By Michael O. Allen, Record Staff Writer | Friday, May 24, 1991
The Record (New Jersey) | All Editions | NEWS | Page A03
The state police on Thursday began training 29 officers in dispatching in the wake of notices sent to 123 of the agency’s 127 civilian dispatchers that they would be laid off next month.
The two-day instruction of senior troopers and sergeants at Fort Dix ensures that the agency will have trained people operating its criminal-justice information system should the layoffs go through, said Capt. Thomas Gallagher, a state police spokesman.
The dispatchers union has filed an unfair labor practice complaint with the state’s Public Employment Relations Commission, and has asked the state Department of Personnel for an affirmative-action review because the dispatchers are predominantly women and minorities, the union’s president said.
Dominick Critelli, who heads the International Federation of Professional and Technical Engineers, which represents the dispatchers, also questioned the wisdom of laying off dispatchers who earn between $18,000 and $25,000 a year and replacing them with officers who earn about $45,000.
Public safety would suffer because fewer troopers would be enforcing the law; at the same time, the state won’t see the expected $3.3 million savings from the layoffs, Critelli said.
“I can’t see cutting services in the area that they are cutting because there is nothing gained economically,” he said. “What you are talking about is a loss in services for basically the same dollar amounts if these people lost their jobs and go on to collect unemployment and receive some type of social assistance.”
Gallagher said public safety would not suffer because the people being trained to do the job work in the offices.
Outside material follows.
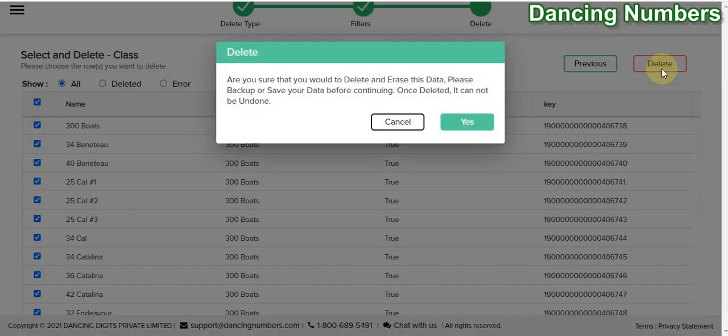A message pops up saying that once the information is deleted it cannot be undone, so please make sure you have a backup before you click Yes. In this situation I'm going to click Yes.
They would just have to assume the additional responsibility of operating the dispatching system, he said.
The $3.3 million savings expected from laying off the dispatchers should bring to $7.2 million the amount saved by state police labor cuts this fiscal year and in next year’s budget.
Earlier this year, the state police cut $1.1 million from this year’s budget by laying off 32 inspectors from the Alcoholic Beverage Control Enforcement Bureau, Gallagher said.
The savings from the dispatcher layoffs, plus $2.8 million expected from the laying off of 160 security guards in state buildings, would be applied to next year’s budget, he added.
Civilians have been working as dispatchers since the state created the position in 1970 as a way to put more troopers on the road.